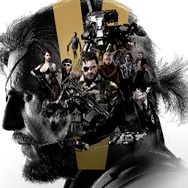 DLC全収録の『MGS V: GZ + TPP』11月発売決定！『MGO』追加アイテムも全て利用可能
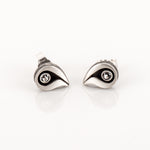 Laden Sie das Bild in den Galerie-Viewer, Finnlandschmuck Ohrstecker
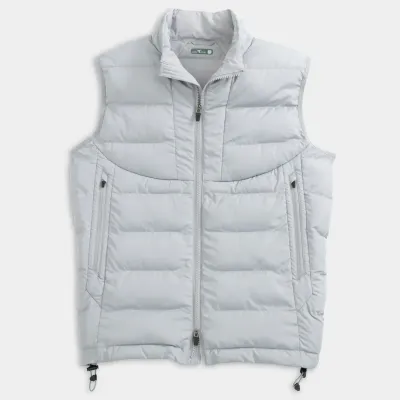 Laramie Vest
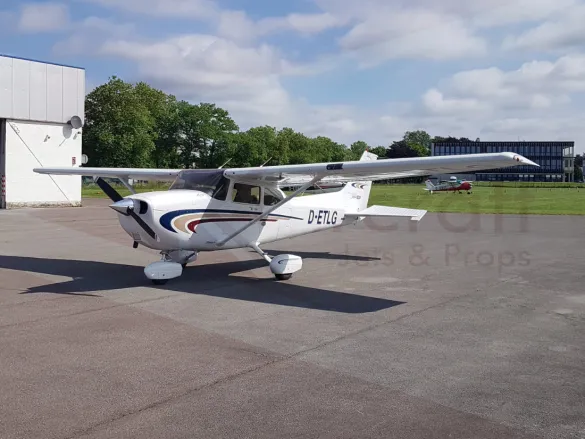Cessna 172S
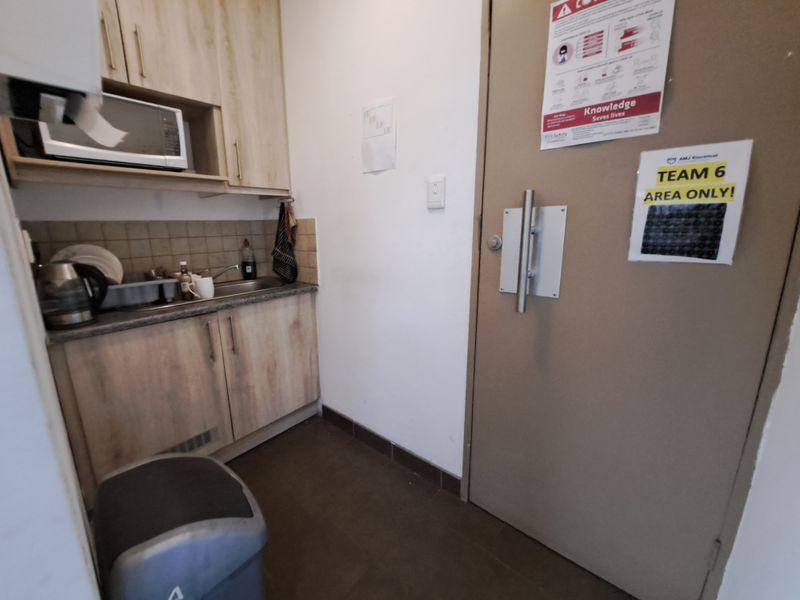 Warehouse to rent in Randjespark - Photo 10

(Task instructions)
Leave out the pictures and output the rest of the material exactly as written.

(Response to this exercise)
 DLC全収録の『MGS V: GZ + TPP』11月発売決定！『MGO』追加アイテムも全て利用可能
 Laden Sie das Bild in den Galerie-Viewer, Finnlandschmuck Ohrstecker
 Laramie Vest
Cessna 172S
 Warehouse to rent in Randjespark - Photo 10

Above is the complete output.